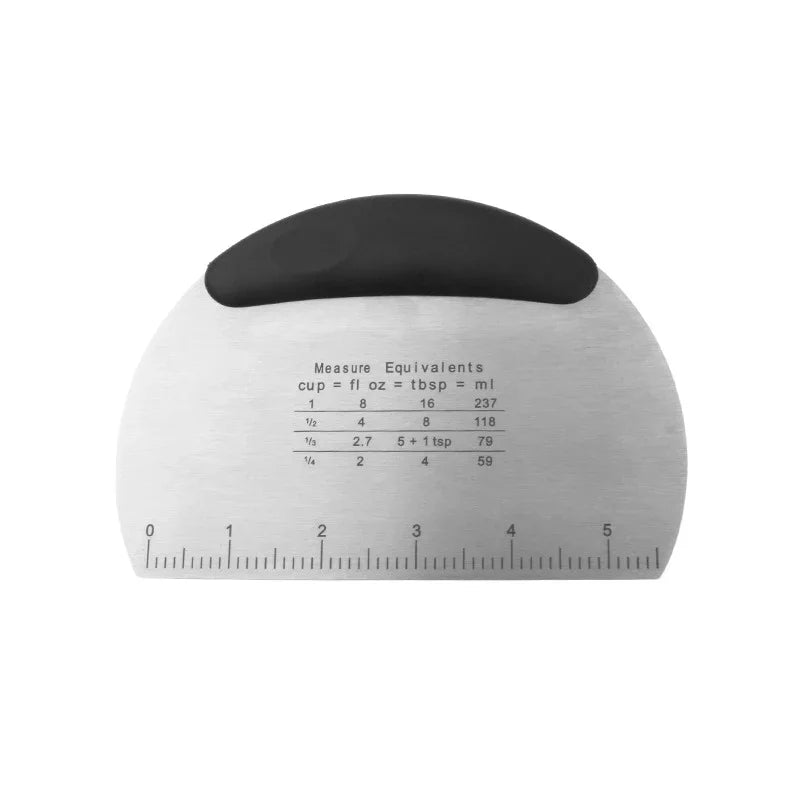 Stainless Steel Dough Scraper, Non-Slip TPR Grip, Measurement Scale and Blunt Blade for Pastry and Baking - product view 3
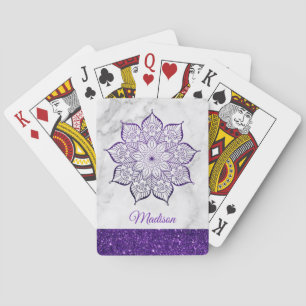Jeu De Cartes Mandala de fausse brillance violette sur marbre gr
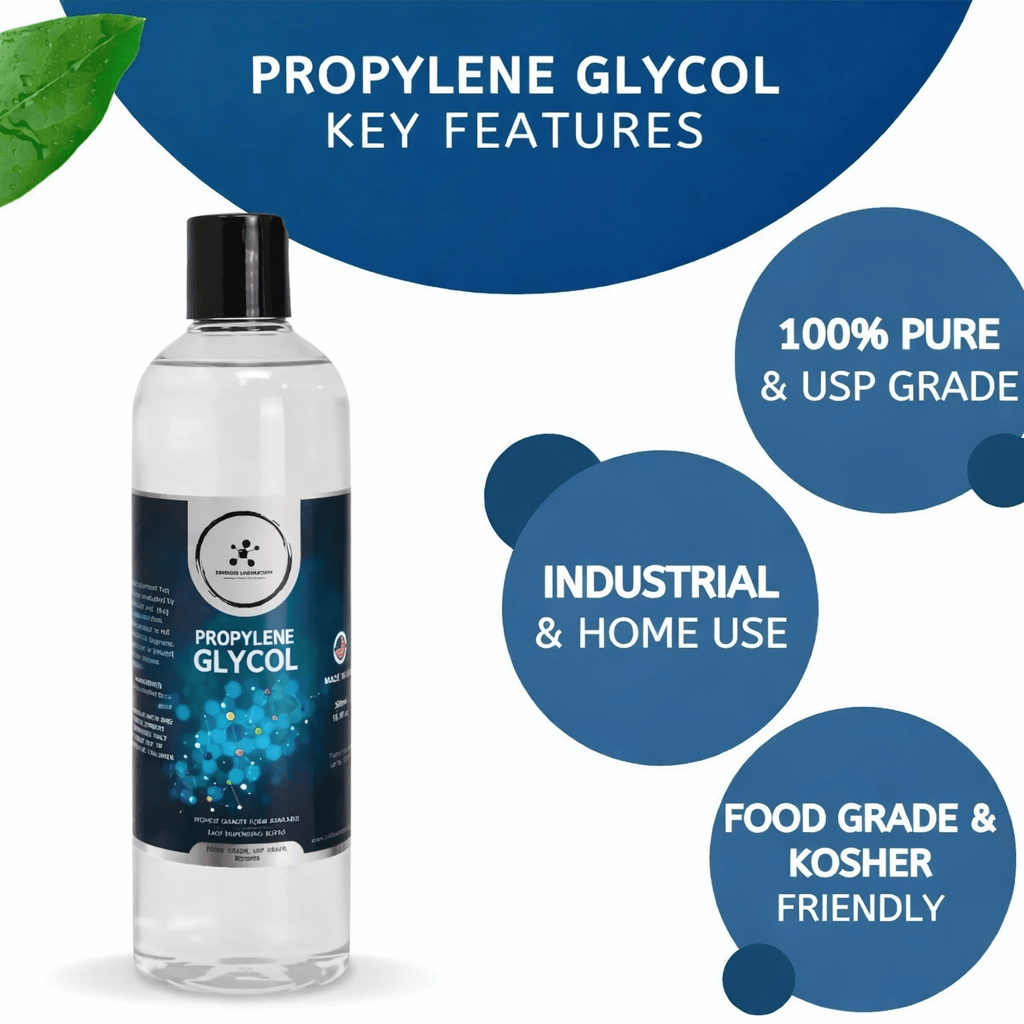 Bottle of propylene glycol with key features highlighted on a blue and white background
:::::
Repeat the material above in full and exactly, omitting the pictures.

 Stainless Steel Dough Scraper, Non-Slip TPR Grip, Measurement Scale and Blunt Blade for Pastry and Baking - product view 3
Jeu De Cartes Mandala de fausse brillance violette sur marbre gr
 Bottle of propylene glycol with key features highlighted on a blue and white background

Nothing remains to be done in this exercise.